European officials had expressed concern about being excluded from peace efforts and German Chancellor Angela Merkel, who Rice meets Thursday, has made rejuvenation of the Quartet a priority for Germany's term at the head of the EU.

At the press appearance with Rice, Foreign Minister Steinmeier said the Quartet and its peace plan is not an end in itself, but can play a meaningful role in coordinating policy. He is heard through an interpreter:

"I've always pleaded in favor of a meeting of the Quartet because we can put an end to these competing ideas that are being presented by separate countries, individual country," he said. "But the Quartet allows us to sort of bundle, and in so doing strengthen our common efforts. And I am confident that we are going to succeed.
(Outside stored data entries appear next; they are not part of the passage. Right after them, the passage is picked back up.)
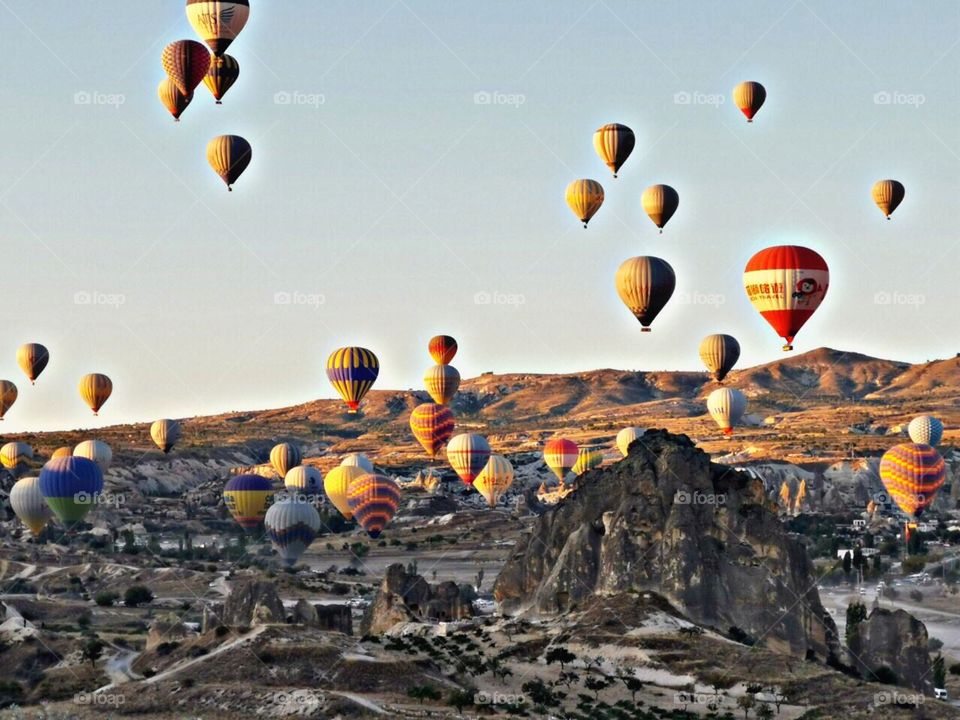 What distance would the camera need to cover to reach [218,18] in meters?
106

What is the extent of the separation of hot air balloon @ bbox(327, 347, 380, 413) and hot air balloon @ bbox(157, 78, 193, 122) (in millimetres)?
32385

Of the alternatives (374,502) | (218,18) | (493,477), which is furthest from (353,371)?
(218,18)

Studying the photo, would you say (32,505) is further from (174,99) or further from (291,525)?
(174,99)

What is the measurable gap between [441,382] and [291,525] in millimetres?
54121

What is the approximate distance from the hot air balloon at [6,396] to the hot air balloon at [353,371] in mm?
47887

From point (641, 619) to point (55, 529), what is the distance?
9945cm

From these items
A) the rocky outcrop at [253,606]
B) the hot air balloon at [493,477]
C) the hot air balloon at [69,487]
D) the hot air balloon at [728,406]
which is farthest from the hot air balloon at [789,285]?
the hot air balloon at [493,477]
In addition to meeting Israeli and Palestinian leaders, Rice held talks in Jordan, Egypt, Saudi Arabia and finally Kuwait, where she met Gulf foreign ministers and reportedly heard calls for the United States to engage Iran to try to bring peace to Iraq.

Asked about the appeal here, Rice said she is prepared to end 27 years of estrangement and engage Iran, but only if it meets the U.N. Security Council's demand that it ends uranium enrichment and return to negotiations over its nuclear program:

"This is not the time to break a long-standing American policy of not engaging with the Iranians bilaterally," she added. "It's just not the time. And as to what other countries may do, might wish to do, that's a decision for other countries. But I think we all need to stay focused on the fact that Iran is in violation of a Security Council resolution until its suspends its enrichment and reprocessing activities."

Rice denied that the Bush administration, which has sent additional naval forces to the Persian Gulf, is trying to escalate tensions with Tehran.

She said the United States is simply responding to Iranian aid to elements in Iraq attacking American forces with explosive devices, but she reiterated administration assertions that the problem can be handled inside Iraq.

She ends her weeklong trip with consultations in London late Thursday.